Redefining Your Guest and Re-Imagine Your Hotel's Spaces
By Michael Strohmer Principal & Architect, HKS | March 21, 2021
This article was co-authored by Jenn Carlson, Designer, HKS; and Kay Curtis, Architectural Designer, HKS
The COVID-19 pandemic exposed significant vulnerabilities in our daily lives and to economy. The hospitality sector was one that was most negatively impacted. Historically, hotels have primarily focused on guest room, food and beverage, and event revenue as their main income generators, but with many travel and large-scale events suspended due to the pandemic, the industry continues to struggle.
As our understanding of the virus progresses and vaccines roll out, the situation has slowly started to improve for the industry. However, hotel operators, owners, and developers are facing some big decisions on how to be proactive for similar situations and fluctuations that impact the travel industry in the future. As an industry, we must consider the ways that future pandemics or natural disasters, as well as recent shifts in social behavior will impact how hotels are designed and operated.

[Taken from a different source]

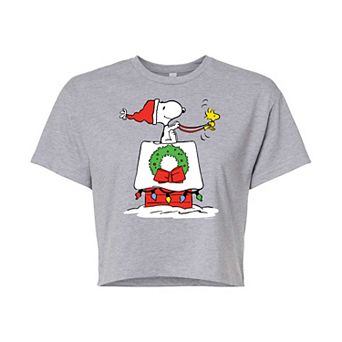 Juniors' Peanuts Sleigh Cropped Graphic Tee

At HKS, we've spent the last year conducting research and generating strategies that hotels can deploy to potentially diversify their revenue streams in the face of uncertainty and changes in travel. Our research report, Hotel&: Redefining the Guest to Design Business-Resilient Hotels, along with other concepts from our firm's experienced hospitality designers, puts forth forward thinking design solutions aimed at more enjoyable guest experiences that help to insulate our projects from market vulnerabilities and fluctuations experienced during uncertain times.
Redefining the Hotel Guest
Even during this pandemic, people have chosen to continue to travel. Data shows that most people are staying closer to home, trading train and plane travel for cross country road trips. While modes of transportation and length of trips were impacted, travelers continued to crave new experiences and destinations. Afterall, "travel is the only thing you buy that makes you richer."